Provided material
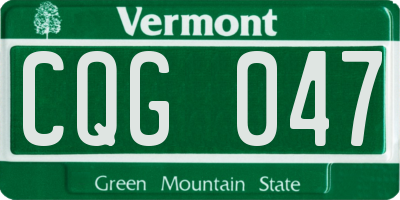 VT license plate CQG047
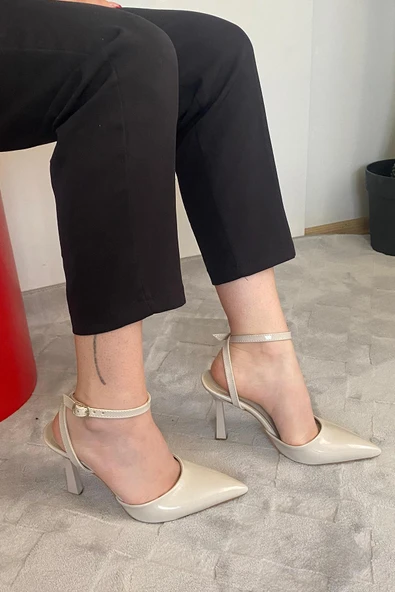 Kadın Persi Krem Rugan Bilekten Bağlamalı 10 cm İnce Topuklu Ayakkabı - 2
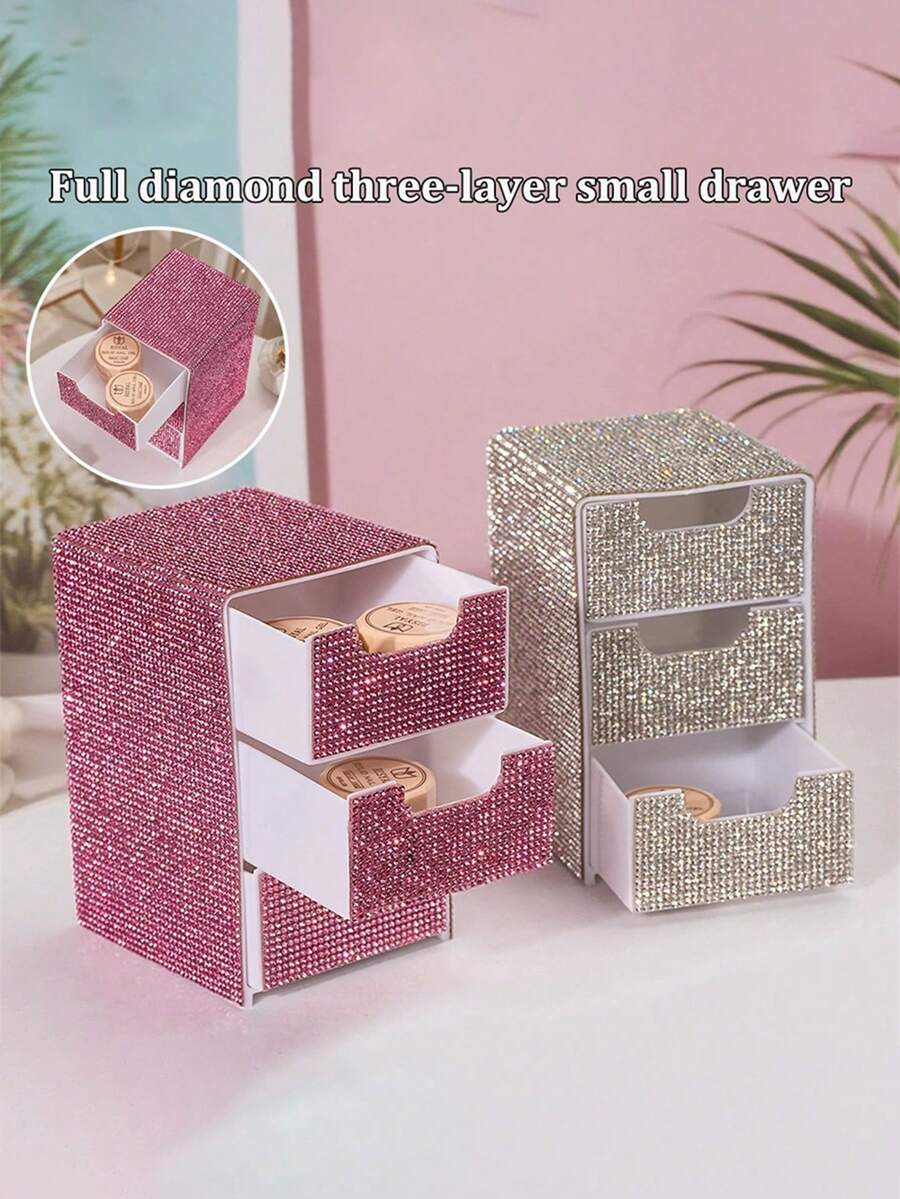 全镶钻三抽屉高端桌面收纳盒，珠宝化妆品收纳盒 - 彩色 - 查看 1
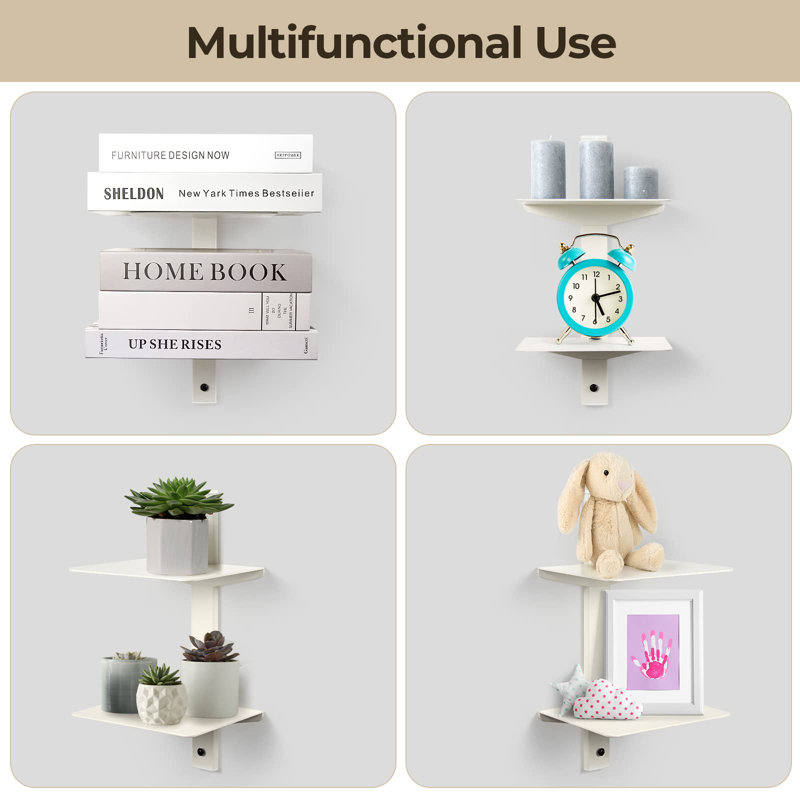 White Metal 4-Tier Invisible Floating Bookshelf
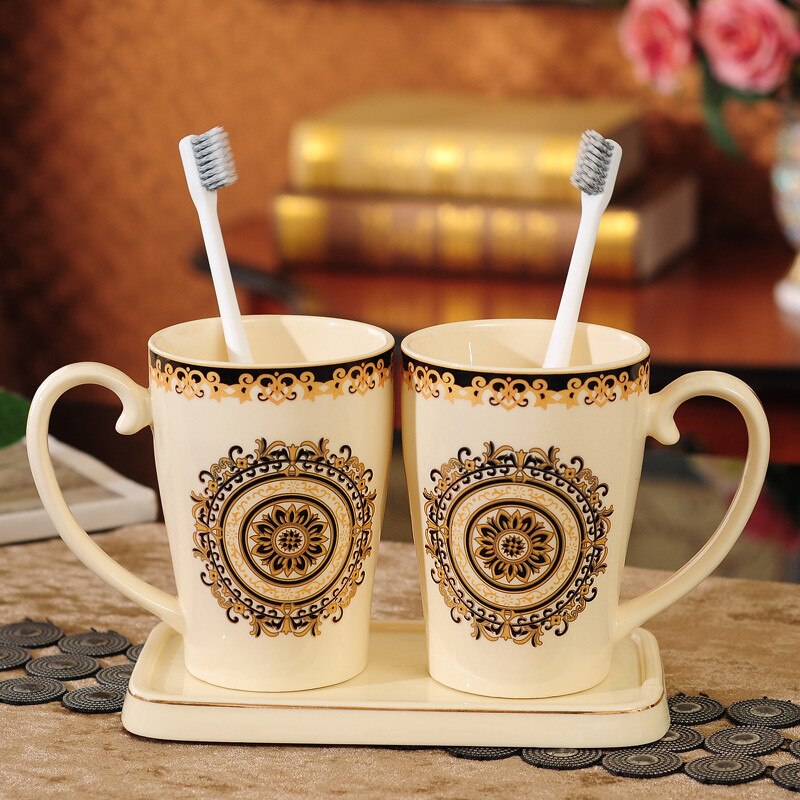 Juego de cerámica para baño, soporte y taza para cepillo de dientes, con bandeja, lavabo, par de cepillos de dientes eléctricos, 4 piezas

Try it
A faithful, complete copy of the records above is required, one that contains no pictures.

Answer box
 VT license plate CQG047
 Kadın Persi Krem Rugan Bilekten Bağlamalı 10 cm İnce Topuklu Ayakkabı - 2
 全镶钻三抽屉高端桌面收纳盒，珠宝化妆品收纳盒 - 彩色 - 查看 1
 White Metal 4-Tier Invisible Floating Bookshelf
 Juego de cerámica para baño, soporte y taza para cepillo de dientes, con bandeja, lavabo, par de cepillos de dientes eléctricos, 4 piezas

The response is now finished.